Work order :: Restate word for word the lines between the start of the material and the line with "I work as a", keeping both of those ends and none of the pictures.

Records provided ::
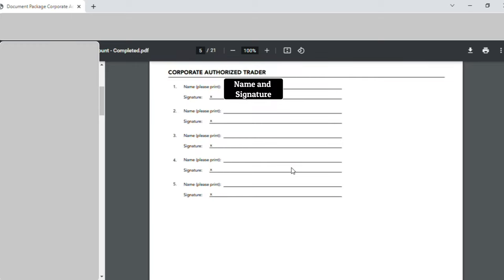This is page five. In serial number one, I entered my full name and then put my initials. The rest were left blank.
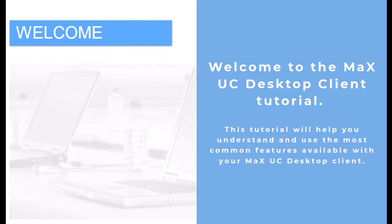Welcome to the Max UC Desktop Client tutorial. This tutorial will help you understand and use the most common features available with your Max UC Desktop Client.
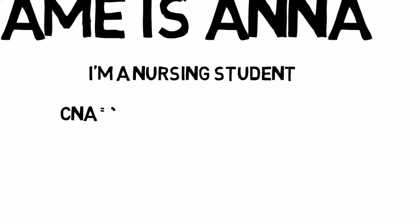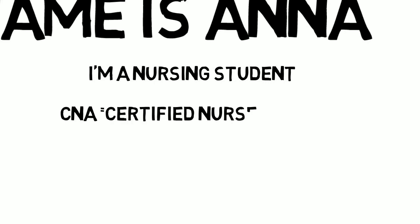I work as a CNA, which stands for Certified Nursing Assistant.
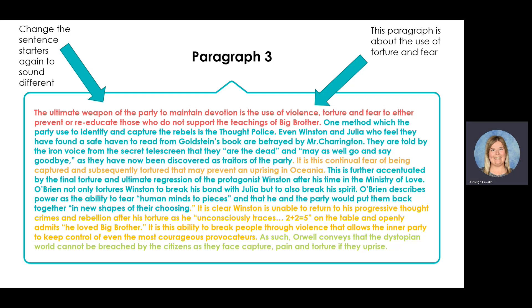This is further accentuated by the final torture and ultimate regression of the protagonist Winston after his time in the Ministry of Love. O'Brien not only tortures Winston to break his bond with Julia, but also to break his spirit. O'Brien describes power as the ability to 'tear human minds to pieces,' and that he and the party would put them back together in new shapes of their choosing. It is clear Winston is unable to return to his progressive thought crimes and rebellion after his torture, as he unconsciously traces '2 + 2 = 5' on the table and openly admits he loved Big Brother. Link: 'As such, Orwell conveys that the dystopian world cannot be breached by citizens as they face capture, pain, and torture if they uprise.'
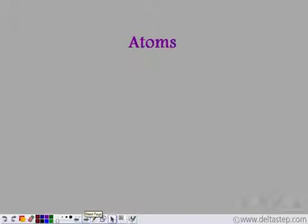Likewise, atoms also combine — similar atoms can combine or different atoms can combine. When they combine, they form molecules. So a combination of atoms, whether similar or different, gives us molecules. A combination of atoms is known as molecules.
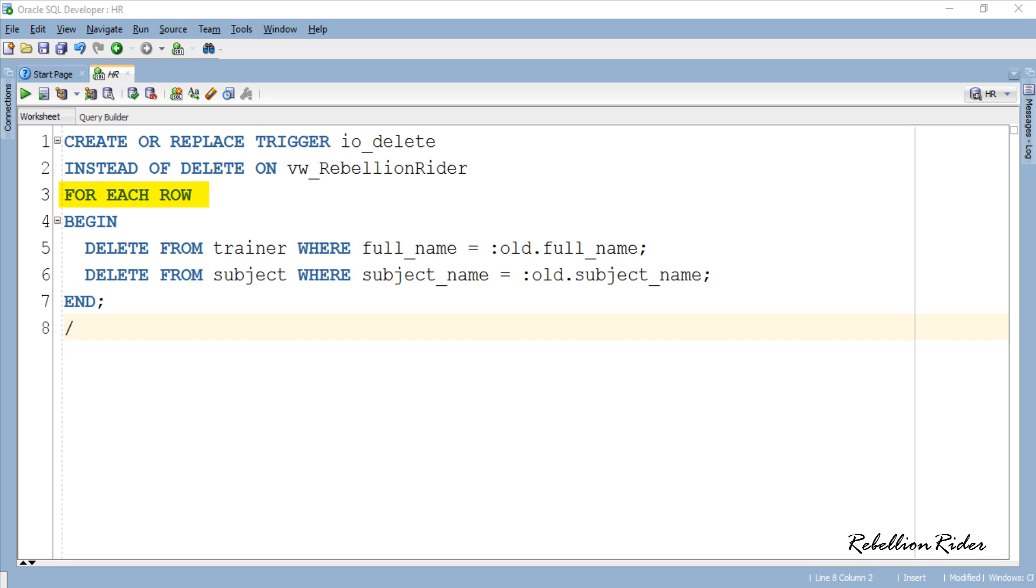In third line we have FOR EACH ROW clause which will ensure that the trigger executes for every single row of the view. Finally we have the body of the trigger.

Result for this exercise ::
This is page five. In serial number one, I entered my full name and then put my initials. The rest were left blank.
Welcome to the Max UC Desktop Client tutorial. This tutorial will help you understand and use the most common features available with your Max UC Desktop Client.
I work as a CNA, which stands for Certified Nursing Assistant.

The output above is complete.